What needs to be done.
From the material below, return exactly the lines starting at the one that holds "Jack & Jones" and ending at the one that holds "Paracetamol 500mg Soluble". Pictures stay out of the answer.

Data.
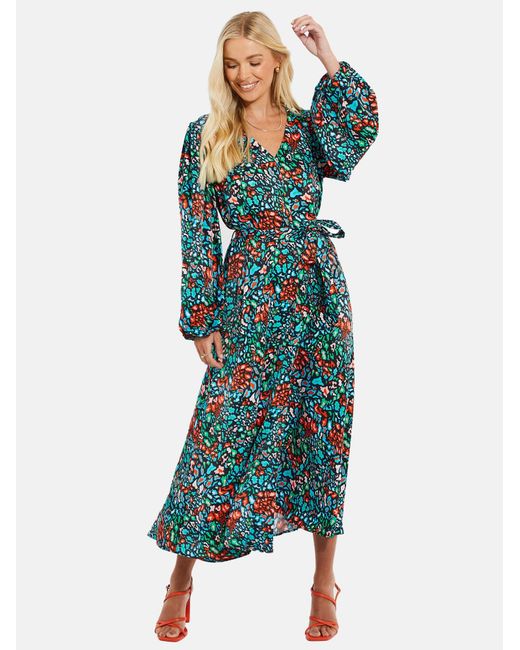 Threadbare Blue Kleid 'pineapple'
--
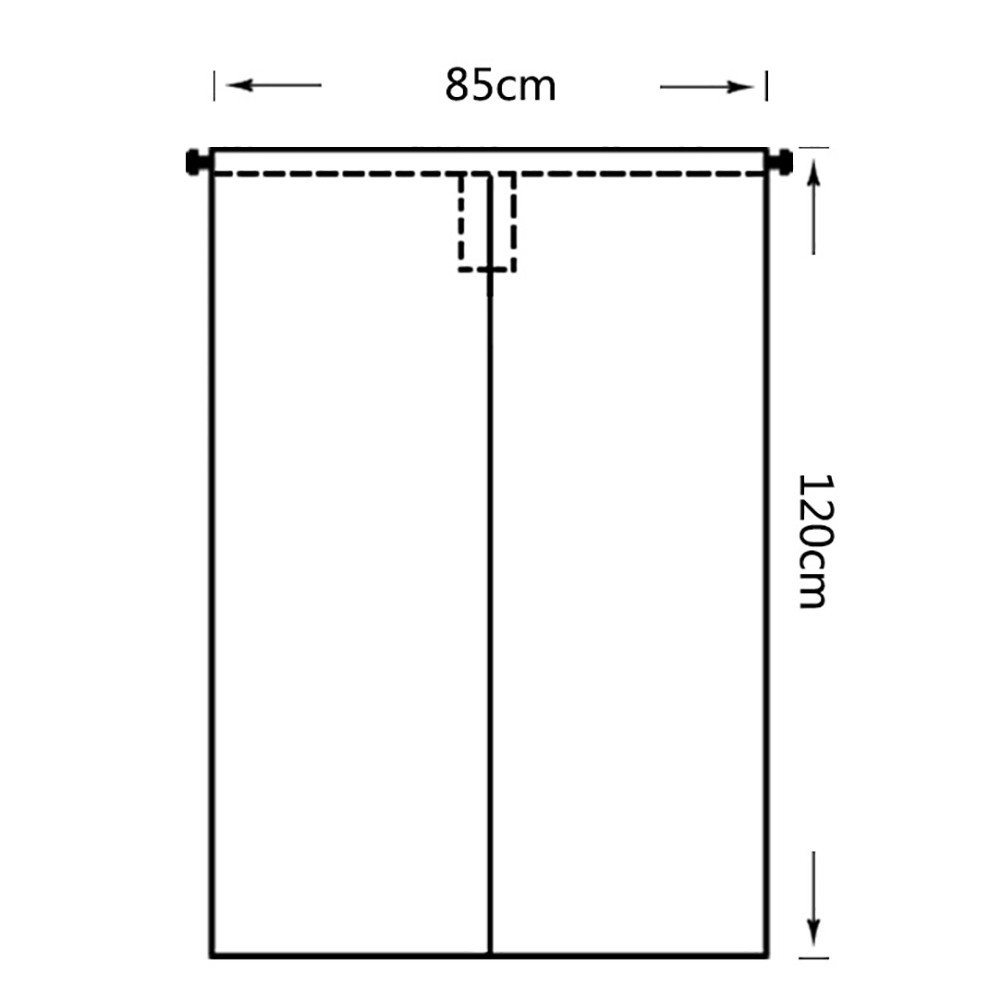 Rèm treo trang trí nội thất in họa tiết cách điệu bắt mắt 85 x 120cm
==
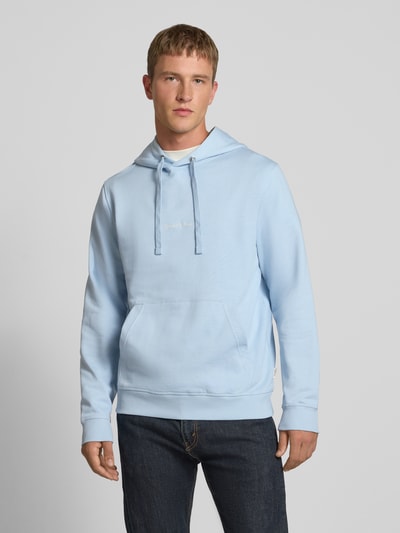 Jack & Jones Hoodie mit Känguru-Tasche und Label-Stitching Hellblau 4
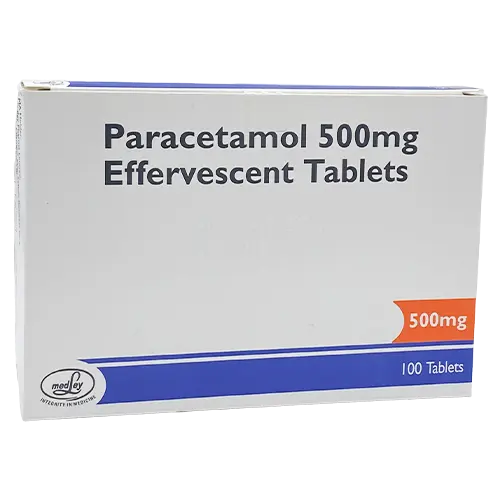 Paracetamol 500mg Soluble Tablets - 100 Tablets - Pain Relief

Written response.
 Jack & Jones Hoodie mit Känguru-Tasche und Label-Stitching Hellblau 4
 Paracetamol 500mg Soluble Tablets - 100 Tablets - Pain Relief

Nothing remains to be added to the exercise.